Ci vorrebbe una nuova generazione di poeti e compositori
che si appassionasse al tema della “comune amica”,
a quelli della vecchia scuola non è concesso altro tempo,
ma per consolazione possono tuttavia chiedere aiuto
alla formica cui è stata bruciata la tana,
a giovane ragazzo con la fisarmonica del nonno,
spolmonata e superstite della tragedia balcanica,
che chiariscano con quali parole cercano di sopravvivere;
si può chiedere a goccia di una qualche sete,
forma perfetta della bellezza, amore che a furia di piangere
si è fatto torrente, suono di pianoforte che si interra
cercando radici, scompare nella compostezza della morte
o ritorna a bussare ai vetri della notte;
si può chiedere alla timidezza del coniglio
che viene alla siepe con passi felpati,
in visita di lutto senza turbare il silenzio di Gea;
si può chiedere aiuto al canto della cicala solitaria
quando timorosa apre il concerto, che sveli
il mistero delle prime note, alle pigne
superstiti al rogo degli incensi
o a qualche grillo di sete perenne, in cerca di voce
per sussurrare alla valle le scuse della sua chitarra
per la quiete turbata, alla stessa parola
uscita per una boccata d’aria sulla porta
o a conchiglia che si ascolta per l’ultimo consulto,
prima che una fitta al petto
si incarni con nome di fiore o di farfalla.
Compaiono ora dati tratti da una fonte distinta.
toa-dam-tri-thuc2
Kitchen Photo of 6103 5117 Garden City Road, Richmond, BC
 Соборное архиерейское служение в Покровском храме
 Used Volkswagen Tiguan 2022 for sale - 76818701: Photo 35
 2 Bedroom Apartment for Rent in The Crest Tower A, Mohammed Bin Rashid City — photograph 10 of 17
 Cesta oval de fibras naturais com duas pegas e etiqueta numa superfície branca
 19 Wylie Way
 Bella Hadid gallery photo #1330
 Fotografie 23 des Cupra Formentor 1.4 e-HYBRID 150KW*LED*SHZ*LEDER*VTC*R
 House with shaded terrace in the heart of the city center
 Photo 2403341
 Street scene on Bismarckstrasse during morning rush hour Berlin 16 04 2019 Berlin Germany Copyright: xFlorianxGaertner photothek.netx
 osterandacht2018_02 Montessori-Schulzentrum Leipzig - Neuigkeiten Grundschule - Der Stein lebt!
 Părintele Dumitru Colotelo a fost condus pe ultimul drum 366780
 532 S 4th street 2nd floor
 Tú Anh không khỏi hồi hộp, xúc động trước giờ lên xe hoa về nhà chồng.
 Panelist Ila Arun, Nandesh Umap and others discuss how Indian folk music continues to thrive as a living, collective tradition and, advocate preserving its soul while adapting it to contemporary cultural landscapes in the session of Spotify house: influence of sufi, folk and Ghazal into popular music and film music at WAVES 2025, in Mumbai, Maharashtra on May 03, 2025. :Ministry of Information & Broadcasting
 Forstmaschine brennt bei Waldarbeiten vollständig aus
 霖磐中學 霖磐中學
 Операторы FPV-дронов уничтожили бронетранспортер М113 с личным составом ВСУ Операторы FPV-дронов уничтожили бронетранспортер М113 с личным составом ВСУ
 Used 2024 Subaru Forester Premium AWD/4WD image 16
¹) Signora Morte parla al poeta e amico Matthias Claudius:
     “Dammi la tua mano, bella creatura delicata!
     Sono un’amica, non vengo per punirti.
     Su, coraggio. Non sono cattiva,
     dolcemente dormirai tra le mie braccia”.
     Franz Schubert trasse ispirazione
    per una sua opera dalla canzone del poeta
   “Der Tod und das Madchen” (“La morte e la fanciulla”)
   e definì la morte “comune amica”.